In this paper, a novel vehicle detection scheme via Cascade Evolving Network (CEN) is presented, which is designed for our highway vehicle detection dataset captured from super wide-angle lens. The highway images are in multi-scale, and almost all cars are dense and seriously obscured. To handle such obstacles, CEN makes better use of contextual information by proposing and refining the object boxes under different feature representations. Specifically, our framework is embedded as a light-weight cascade network. First a Light-weight Parallel Network (LPN) with a small Intersection Over Union (IOU) is applied for extracting multi-scale feature map. The parallel two networks, Coarse-grained Network (CgN) with a smallest IOU and Fine-grained Network (FgN) with a bit larger IOU produce multi-scale candidate boxes with various settings of prior anchors.

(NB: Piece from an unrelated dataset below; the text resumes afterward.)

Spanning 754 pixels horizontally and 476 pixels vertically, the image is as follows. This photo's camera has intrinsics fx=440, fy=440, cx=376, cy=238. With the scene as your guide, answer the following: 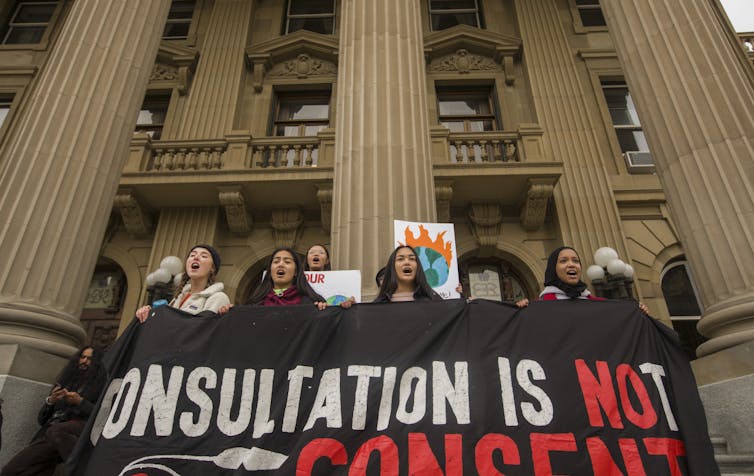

The smallest IOU is designed for small objects whose IOU is smaller than large ones. Another two subnetworks refine the vague edges of proposals afterwards with gradual increasing IOU. For maximizing contextual information, three subnetworks connect together. Meanwhile, a new novel feature fusion method, named Grouped Region Proposal Network (GRPN) is adopted. CEN achieves the promising results on our highway vehicle detection dataset. To verify the robustness of the network, an evaluation on the DETRAC benchmark dataset is implemented, and obtain a significant improvement over the baseline model of Faster RCNN by 13.11% for mAP. This shows that the initial boxes can be better refined for both localization and recognition in CEN. Furthermore, Our network achieves 7-11 FPS detection speed on a moderate commercial GPU, which is much more effective than the baseline model.